## Task instructions
The line that contains "2 in 1 Peper- en Zoutmolen" marks the end: retype the data below exactly from its first line through that line.

******************************

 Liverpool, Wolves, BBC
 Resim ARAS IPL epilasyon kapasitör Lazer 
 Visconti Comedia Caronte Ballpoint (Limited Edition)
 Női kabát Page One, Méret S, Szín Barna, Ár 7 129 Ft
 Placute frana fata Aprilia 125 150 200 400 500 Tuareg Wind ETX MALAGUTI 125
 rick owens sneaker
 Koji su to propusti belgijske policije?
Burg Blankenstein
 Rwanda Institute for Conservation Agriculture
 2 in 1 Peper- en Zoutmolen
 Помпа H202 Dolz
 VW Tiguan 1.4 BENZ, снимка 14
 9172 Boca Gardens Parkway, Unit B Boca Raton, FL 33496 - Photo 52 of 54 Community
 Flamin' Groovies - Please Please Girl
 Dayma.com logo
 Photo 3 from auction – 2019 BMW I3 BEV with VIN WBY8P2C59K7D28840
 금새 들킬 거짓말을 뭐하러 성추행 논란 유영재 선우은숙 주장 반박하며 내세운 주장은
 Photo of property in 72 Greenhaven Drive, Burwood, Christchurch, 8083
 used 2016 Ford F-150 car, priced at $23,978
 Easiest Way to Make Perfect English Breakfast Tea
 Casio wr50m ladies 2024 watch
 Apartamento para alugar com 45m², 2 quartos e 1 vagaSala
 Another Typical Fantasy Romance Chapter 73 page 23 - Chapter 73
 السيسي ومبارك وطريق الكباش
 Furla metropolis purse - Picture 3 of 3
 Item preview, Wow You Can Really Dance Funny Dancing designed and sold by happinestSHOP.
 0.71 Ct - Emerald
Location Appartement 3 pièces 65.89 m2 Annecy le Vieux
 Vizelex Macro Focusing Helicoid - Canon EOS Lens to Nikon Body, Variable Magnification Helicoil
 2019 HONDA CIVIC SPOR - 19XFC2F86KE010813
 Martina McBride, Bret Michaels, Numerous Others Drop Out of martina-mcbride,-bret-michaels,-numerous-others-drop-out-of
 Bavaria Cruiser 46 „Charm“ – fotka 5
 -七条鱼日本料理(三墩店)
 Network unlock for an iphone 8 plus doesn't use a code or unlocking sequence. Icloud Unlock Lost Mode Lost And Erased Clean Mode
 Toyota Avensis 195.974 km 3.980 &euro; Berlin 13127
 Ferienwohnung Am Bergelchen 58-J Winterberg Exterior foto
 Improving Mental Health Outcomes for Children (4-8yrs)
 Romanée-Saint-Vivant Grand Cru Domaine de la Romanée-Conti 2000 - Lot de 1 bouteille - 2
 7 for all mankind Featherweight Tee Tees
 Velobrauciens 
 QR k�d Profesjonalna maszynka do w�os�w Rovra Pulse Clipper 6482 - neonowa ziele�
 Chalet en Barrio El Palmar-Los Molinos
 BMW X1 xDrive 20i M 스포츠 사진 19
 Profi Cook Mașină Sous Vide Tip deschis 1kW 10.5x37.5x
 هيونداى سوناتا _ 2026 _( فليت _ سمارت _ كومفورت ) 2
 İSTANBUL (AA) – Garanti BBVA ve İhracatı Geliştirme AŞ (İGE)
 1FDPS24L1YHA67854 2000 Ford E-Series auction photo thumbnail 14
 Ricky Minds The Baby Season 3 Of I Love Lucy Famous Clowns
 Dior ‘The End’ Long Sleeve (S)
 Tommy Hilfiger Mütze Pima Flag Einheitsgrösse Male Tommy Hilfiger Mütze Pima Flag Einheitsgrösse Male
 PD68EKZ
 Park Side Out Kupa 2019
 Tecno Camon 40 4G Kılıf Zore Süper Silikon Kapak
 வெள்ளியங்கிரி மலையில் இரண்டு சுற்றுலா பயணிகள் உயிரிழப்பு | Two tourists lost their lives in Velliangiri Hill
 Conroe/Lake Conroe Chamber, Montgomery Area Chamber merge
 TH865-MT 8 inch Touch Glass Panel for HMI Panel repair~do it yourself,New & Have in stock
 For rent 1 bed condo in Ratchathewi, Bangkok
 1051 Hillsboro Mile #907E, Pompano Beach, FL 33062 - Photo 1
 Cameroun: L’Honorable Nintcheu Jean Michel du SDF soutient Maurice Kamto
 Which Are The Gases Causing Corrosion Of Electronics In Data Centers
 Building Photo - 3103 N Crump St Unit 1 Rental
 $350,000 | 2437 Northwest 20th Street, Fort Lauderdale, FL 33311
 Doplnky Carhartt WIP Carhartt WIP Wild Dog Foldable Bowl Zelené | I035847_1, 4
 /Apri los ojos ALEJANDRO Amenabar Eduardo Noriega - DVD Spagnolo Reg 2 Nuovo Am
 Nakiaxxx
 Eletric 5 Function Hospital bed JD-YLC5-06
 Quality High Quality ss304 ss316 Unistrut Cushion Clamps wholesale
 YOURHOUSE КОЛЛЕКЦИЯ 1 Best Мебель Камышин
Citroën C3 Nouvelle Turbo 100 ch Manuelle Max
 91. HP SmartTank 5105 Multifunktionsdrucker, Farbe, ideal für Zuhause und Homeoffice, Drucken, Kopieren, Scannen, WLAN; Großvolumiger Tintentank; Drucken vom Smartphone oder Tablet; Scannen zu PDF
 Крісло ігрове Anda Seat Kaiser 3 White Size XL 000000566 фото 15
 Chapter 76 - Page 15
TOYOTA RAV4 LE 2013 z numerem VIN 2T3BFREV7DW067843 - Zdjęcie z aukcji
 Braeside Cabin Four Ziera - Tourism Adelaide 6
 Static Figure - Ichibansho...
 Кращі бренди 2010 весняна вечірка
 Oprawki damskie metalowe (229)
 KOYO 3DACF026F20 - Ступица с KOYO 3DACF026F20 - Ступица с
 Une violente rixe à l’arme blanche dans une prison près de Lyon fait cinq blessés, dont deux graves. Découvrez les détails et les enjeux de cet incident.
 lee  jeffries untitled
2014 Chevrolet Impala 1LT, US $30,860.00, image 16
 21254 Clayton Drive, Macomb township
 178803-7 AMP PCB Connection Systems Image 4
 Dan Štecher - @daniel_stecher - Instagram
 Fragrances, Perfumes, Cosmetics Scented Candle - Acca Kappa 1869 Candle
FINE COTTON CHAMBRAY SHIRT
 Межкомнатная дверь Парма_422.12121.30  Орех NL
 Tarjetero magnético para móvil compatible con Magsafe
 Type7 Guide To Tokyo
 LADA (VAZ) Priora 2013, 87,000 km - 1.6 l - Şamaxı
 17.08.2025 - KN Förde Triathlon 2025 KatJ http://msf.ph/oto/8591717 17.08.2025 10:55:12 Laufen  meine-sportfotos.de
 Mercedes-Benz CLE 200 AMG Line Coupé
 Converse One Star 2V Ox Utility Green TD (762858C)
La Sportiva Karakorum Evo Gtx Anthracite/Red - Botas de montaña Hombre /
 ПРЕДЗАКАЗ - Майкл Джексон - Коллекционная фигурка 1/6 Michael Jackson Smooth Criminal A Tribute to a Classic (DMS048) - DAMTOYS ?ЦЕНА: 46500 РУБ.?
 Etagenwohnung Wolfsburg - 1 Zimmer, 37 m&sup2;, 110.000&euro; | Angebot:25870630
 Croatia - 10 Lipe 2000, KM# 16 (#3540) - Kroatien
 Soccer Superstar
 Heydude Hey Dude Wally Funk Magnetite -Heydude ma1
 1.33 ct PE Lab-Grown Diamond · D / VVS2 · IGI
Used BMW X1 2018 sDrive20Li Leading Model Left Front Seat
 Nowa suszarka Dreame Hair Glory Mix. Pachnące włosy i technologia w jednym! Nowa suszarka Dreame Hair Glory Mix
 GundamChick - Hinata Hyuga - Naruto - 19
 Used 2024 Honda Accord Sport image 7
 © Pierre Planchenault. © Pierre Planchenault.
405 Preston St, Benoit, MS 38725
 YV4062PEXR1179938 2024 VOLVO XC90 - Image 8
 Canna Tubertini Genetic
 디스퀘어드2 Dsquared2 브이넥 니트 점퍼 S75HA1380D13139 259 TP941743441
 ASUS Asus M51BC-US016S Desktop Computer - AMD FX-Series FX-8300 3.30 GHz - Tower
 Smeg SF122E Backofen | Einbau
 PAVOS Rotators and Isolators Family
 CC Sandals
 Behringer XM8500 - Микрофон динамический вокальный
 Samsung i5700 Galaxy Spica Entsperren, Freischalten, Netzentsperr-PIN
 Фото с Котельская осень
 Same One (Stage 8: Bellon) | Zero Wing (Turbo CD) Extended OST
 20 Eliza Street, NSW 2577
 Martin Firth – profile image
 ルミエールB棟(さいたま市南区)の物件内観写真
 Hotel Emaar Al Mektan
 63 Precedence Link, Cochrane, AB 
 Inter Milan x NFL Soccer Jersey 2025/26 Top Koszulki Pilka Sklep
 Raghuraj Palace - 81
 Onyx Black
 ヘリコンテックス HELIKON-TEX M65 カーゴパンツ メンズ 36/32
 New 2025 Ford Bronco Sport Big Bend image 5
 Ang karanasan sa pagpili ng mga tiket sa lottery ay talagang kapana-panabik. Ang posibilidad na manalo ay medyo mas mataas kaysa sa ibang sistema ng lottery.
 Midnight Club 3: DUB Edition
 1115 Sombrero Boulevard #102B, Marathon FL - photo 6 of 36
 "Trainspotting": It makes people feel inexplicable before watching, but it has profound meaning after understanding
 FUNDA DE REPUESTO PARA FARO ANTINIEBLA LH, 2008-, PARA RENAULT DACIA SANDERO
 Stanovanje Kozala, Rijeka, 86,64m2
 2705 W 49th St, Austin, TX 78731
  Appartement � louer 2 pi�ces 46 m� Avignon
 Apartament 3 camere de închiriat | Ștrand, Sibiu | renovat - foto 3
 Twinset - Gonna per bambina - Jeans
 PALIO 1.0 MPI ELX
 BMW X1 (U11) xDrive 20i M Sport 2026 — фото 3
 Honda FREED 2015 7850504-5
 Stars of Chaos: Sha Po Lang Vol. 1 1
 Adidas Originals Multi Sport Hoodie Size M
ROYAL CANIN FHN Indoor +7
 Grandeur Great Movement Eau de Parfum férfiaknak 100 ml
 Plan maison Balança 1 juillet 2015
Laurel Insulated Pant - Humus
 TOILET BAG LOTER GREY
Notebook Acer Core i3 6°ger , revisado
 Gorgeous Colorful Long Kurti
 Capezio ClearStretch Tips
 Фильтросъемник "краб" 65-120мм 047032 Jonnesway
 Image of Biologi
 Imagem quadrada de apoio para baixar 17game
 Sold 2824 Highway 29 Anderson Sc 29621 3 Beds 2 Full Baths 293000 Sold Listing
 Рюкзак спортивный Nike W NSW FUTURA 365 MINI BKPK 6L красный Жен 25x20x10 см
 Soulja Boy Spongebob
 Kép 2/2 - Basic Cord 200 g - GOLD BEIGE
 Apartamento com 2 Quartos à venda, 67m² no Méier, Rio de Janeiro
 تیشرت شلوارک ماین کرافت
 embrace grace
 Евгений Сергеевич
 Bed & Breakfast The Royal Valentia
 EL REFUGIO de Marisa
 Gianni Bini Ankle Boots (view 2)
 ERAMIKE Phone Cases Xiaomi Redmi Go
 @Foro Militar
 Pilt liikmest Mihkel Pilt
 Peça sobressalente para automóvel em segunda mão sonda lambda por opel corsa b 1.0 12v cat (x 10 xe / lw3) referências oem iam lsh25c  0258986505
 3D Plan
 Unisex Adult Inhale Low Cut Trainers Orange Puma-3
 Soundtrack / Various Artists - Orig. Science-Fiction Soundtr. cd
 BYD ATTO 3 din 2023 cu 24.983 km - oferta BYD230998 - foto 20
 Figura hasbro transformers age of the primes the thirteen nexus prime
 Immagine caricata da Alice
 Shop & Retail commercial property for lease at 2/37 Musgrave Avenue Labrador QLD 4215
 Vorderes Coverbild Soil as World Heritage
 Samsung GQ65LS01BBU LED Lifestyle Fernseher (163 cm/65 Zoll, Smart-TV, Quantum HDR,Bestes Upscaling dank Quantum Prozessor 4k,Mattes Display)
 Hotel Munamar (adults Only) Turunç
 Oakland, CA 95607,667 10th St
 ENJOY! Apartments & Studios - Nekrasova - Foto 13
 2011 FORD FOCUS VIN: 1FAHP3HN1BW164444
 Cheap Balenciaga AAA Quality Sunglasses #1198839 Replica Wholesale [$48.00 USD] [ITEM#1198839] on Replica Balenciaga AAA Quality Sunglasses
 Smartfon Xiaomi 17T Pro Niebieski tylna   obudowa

******************************

## Your response
 Liverpool, Wolves, BBC
 Resim ARAS IPL epilasyon kapasitör Lazer 
 Visconti Comedia Caronte Ballpoint (Limited Edition)
 Női kabát Page One, Méret S, Szín Barna, Ár 7 129 Ft
 Placute frana fata Aprilia 125 150 200 400 500 Tuareg Wind ETX MALAGUTI 125
 rick owens sneaker
 Koji su to propusti belgijske policije?
Burg Blankenstein
 Rwanda Institute for Conservation Agriculture
 2 in 1 Peper- en Zoutmolen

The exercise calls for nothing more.